Using 3-D software, Emma produced a model of Darnley’s skull and created the reconstruction using wax and silicone. The finished work shows a young man with bright blue eyes and a head of light brown hair, complete with period costume.
“Darnley was said to be very handsome,” continued Emma. “He was over 6’ tall, which would have been highly unusual for the 16th century. I knew the Mary story before I embarked on this project but had to learn all I could about Darnley. What is interesting is that in a time when Protestant and Catholic figures were depicted as either heroes or villains depending on who the writer was, Darnley was universally hated. People reviled him for his arrogance, drunkenness and promiscuity.”
CAHID Director Professor Dame Sue Black had previously headed a panel convened by the Royal Society of Edinburgh to examine the murder of Darnley with modern investigative methods. They came to the conclusion that Mary was not involved in the killing of her husband.
Art that asks questions about the biggest challenges facing society and design work that seeks to tackle them will feature at the Masters Show 2016. Exhibits created by 44 students on some of the UK’s most innovative and exciting postgraduate courses – Animation & VFX, Art & Humanities, Art Society & Publics, Forensic Art & Facial Identification, and Medical Art – will be on display from Friday 19th to Sunday 28th August.
Professor Paul Harris, Dean of Duncan of Jordanstone, said, “We cannot wait to see the fruits of our postgraduate students’ imagination, creativity and graft which has created stimulating work informed by the research they carry out.
“Our Masters students are challenged to carry out intelligent and comprehensive work and the Masters Show will demonstrate just how well they have met that challenge, with some truly stunning exhibits that range from the highly artistic to the technically proficient and deeply practical.
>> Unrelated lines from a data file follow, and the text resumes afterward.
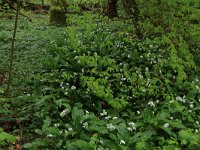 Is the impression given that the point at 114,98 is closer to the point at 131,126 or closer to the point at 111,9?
the point at 131,126

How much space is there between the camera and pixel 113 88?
8328 millimetres

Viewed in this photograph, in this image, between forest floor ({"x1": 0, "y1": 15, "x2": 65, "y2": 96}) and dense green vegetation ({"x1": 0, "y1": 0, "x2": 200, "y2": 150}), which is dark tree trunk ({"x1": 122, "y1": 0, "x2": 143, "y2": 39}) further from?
forest floor ({"x1": 0, "y1": 15, "x2": 65, "y2": 96})

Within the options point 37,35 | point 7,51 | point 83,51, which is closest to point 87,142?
point 83,51

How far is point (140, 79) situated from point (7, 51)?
4.99m

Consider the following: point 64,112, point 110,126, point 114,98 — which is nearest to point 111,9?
point 114,98

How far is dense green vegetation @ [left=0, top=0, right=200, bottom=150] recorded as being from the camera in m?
6.44

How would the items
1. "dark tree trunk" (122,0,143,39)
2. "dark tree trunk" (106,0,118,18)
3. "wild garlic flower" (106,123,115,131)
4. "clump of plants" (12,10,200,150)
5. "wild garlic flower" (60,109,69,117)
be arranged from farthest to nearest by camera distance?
"dark tree trunk" (106,0,118,18)
"dark tree trunk" (122,0,143,39)
"wild garlic flower" (60,109,69,117)
"wild garlic flower" (106,123,115,131)
"clump of plants" (12,10,200,150)

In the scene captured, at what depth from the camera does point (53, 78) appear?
868 centimetres

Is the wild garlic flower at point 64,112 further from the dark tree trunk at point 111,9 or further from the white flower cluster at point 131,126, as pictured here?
the dark tree trunk at point 111,9

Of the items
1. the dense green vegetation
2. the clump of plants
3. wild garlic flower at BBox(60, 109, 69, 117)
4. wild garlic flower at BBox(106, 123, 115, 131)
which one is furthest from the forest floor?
wild garlic flower at BBox(106, 123, 115, 131)

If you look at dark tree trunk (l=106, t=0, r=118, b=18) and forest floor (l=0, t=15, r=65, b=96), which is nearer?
forest floor (l=0, t=15, r=65, b=96)

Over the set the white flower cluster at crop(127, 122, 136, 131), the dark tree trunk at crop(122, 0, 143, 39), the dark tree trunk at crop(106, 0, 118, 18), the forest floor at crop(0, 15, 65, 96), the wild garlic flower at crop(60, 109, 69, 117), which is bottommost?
the white flower cluster at crop(127, 122, 136, 131)

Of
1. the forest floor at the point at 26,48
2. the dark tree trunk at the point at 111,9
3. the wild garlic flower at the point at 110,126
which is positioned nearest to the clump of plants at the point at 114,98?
the wild garlic flower at the point at 110,126

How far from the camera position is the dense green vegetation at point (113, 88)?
6441mm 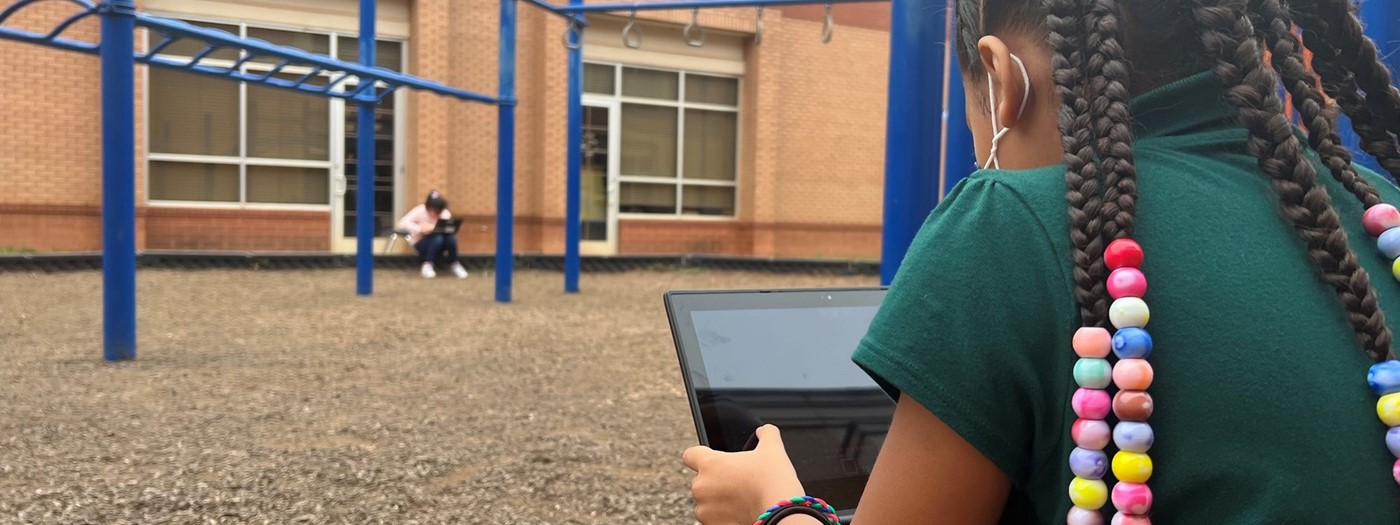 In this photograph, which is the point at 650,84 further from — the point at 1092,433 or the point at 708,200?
the point at 1092,433

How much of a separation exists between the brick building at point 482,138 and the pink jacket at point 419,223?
55.1 inches

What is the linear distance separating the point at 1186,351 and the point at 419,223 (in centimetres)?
1156

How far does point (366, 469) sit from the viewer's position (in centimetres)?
320

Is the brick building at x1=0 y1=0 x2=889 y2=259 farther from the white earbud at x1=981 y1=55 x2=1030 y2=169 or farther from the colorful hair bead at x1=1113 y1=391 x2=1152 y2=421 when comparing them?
the colorful hair bead at x1=1113 y1=391 x2=1152 y2=421

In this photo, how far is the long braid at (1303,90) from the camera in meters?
0.87

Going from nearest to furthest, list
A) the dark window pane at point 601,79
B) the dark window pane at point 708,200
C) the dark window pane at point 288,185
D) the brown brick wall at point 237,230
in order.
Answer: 1. the brown brick wall at point 237,230
2. the dark window pane at point 288,185
3. the dark window pane at point 601,79
4. the dark window pane at point 708,200

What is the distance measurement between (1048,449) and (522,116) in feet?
44.8

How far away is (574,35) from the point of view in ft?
29.6

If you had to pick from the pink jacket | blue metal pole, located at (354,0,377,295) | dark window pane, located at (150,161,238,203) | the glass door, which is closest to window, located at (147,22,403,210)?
dark window pane, located at (150,161,238,203)

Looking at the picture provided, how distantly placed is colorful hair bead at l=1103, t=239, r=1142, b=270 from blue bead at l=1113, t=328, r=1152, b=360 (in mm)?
49

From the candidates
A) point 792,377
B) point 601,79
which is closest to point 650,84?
point 601,79

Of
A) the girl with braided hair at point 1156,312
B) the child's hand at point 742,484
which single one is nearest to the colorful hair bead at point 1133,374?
the girl with braided hair at point 1156,312

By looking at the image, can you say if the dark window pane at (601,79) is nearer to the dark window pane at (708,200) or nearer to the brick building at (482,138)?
the brick building at (482,138)

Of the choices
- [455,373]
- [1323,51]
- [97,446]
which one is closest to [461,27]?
[455,373] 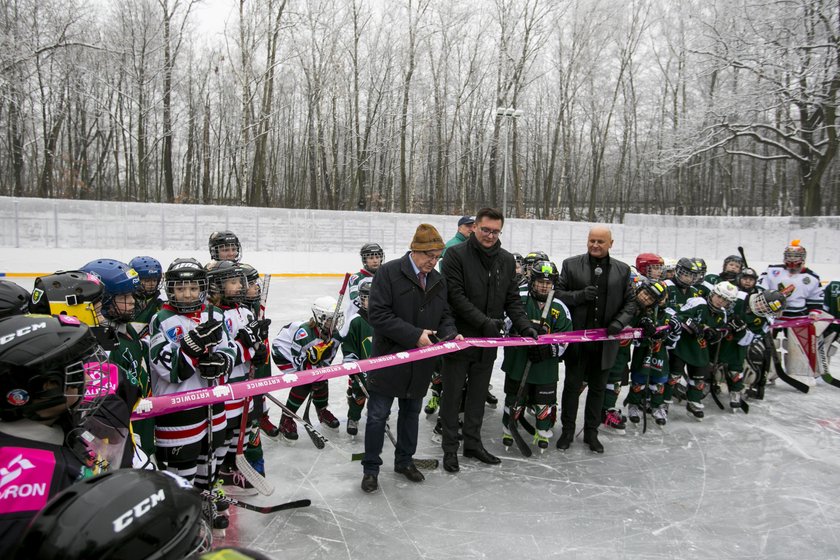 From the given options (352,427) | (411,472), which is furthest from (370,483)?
(352,427)

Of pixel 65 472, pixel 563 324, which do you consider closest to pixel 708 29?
pixel 563 324

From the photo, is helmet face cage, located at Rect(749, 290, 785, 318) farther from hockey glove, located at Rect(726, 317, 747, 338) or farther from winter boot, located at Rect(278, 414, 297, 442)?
winter boot, located at Rect(278, 414, 297, 442)

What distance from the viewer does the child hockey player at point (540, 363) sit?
4555 millimetres

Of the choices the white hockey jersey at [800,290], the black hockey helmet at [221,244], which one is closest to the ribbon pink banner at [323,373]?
the black hockey helmet at [221,244]

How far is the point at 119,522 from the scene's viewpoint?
99cm

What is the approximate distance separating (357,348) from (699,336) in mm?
3371

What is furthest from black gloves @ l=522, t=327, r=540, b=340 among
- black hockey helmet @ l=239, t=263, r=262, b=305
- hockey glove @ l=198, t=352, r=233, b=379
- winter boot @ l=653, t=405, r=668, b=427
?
hockey glove @ l=198, t=352, r=233, b=379

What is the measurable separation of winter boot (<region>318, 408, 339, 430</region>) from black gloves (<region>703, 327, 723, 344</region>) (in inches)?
146

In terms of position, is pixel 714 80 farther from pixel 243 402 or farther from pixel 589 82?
pixel 243 402

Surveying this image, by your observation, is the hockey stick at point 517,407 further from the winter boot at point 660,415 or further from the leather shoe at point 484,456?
the winter boot at point 660,415

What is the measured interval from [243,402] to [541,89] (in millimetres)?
35651

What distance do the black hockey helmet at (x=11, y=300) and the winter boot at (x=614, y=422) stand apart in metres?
4.64

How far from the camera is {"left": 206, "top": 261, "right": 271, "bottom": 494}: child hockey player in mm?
3419

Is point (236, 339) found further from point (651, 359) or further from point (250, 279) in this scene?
point (651, 359) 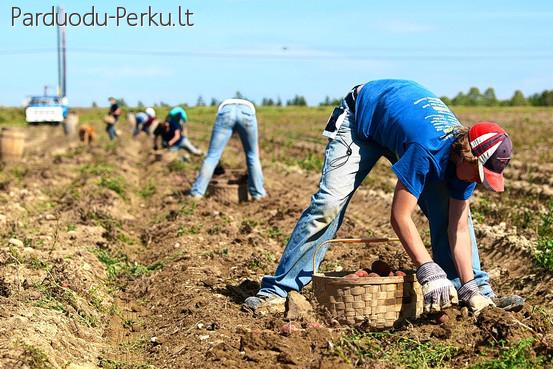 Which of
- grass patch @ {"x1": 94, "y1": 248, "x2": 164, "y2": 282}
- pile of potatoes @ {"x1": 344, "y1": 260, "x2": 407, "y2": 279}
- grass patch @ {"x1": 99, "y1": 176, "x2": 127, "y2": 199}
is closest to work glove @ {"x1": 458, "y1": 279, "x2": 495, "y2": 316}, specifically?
pile of potatoes @ {"x1": 344, "y1": 260, "x2": 407, "y2": 279}

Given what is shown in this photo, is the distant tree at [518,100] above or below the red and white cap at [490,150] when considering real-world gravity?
below

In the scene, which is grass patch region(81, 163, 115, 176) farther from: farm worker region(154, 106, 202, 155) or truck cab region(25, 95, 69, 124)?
truck cab region(25, 95, 69, 124)

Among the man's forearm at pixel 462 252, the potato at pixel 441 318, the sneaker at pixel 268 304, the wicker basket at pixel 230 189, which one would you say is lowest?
the wicker basket at pixel 230 189

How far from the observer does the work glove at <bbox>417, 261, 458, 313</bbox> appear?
4527mm

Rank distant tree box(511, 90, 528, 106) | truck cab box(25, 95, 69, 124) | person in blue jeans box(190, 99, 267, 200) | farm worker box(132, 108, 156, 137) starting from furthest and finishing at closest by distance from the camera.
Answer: distant tree box(511, 90, 528, 106) < truck cab box(25, 95, 69, 124) < farm worker box(132, 108, 156, 137) < person in blue jeans box(190, 99, 267, 200)

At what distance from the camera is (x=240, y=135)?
10820mm

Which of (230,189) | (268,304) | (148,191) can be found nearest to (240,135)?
(230,189)

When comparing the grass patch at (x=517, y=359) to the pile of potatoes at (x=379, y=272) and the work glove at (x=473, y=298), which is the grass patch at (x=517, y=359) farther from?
the pile of potatoes at (x=379, y=272)

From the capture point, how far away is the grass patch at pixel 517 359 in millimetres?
3963

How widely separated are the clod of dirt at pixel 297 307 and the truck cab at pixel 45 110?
3569 centimetres

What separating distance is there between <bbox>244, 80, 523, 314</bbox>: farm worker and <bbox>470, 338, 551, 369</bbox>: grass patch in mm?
534

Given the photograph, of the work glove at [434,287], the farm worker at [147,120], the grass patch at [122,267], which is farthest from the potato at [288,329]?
the farm worker at [147,120]

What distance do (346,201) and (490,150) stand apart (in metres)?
1.14

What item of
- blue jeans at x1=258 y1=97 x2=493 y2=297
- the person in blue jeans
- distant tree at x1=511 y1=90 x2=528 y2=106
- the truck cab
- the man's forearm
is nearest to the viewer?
the man's forearm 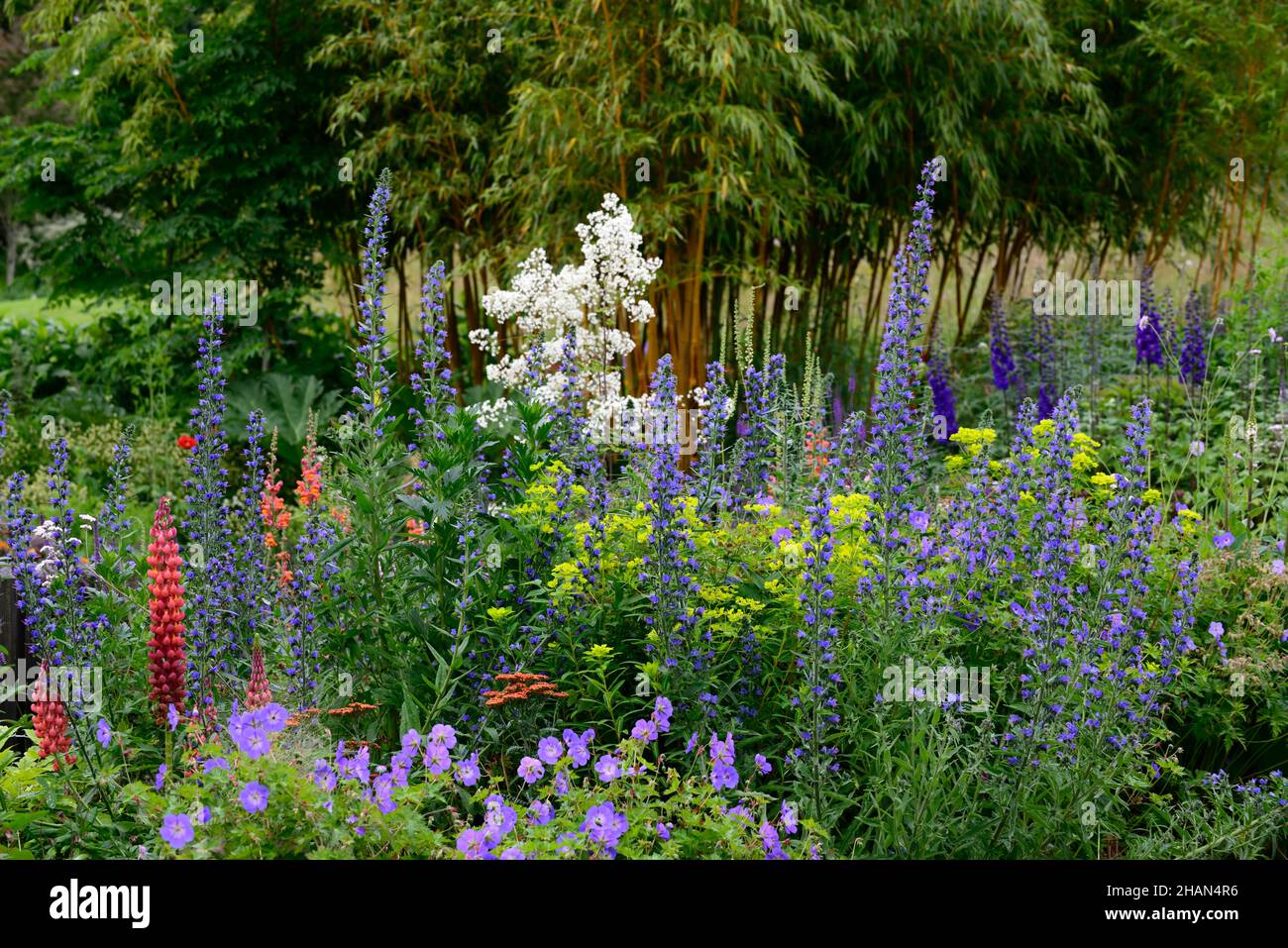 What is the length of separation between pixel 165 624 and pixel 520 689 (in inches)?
29.0

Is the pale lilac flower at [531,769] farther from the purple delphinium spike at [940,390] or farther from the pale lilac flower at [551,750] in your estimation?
the purple delphinium spike at [940,390]

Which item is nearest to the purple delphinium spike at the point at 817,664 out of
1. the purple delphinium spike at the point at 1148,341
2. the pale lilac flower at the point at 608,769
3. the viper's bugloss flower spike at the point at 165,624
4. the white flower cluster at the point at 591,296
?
the pale lilac flower at the point at 608,769

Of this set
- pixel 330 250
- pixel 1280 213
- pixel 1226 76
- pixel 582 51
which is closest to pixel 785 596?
pixel 582 51

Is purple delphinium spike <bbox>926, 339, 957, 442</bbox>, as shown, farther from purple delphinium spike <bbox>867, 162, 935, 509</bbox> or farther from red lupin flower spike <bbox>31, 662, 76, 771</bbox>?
red lupin flower spike <bbox>31, 662, 76, 771</bbox>

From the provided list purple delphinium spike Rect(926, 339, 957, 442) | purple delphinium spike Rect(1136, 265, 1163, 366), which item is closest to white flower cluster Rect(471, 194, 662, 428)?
purple delphinium spike Rect(926, 339, 957, 442)

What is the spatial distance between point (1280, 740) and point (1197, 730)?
265 mm

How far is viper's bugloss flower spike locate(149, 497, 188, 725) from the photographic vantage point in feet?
8.32

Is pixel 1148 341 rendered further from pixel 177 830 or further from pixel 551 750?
Answer: pixel 177 830

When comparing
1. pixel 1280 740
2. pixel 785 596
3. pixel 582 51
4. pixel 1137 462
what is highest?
pixel 582 51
“The end result is a series of thought-provoking exhibits that highlight how our students have built on their undergraduate learning, either in Dundee or in other institutions and countries, to develop their work to a new level or in a different direction. The show is a testament to the staff and students who once again have demonstrated that Duncan of Jordanstone is a world-class, 21st Century school of art and design.”
The Masters Show celebrations will begin with a special, invite-only Preview Evening on Friday 19th, August. It will remain open until Sunday, 28th August. The exhibition is open from 10am-8pm on weekdays and from 10am-4pm at weekends.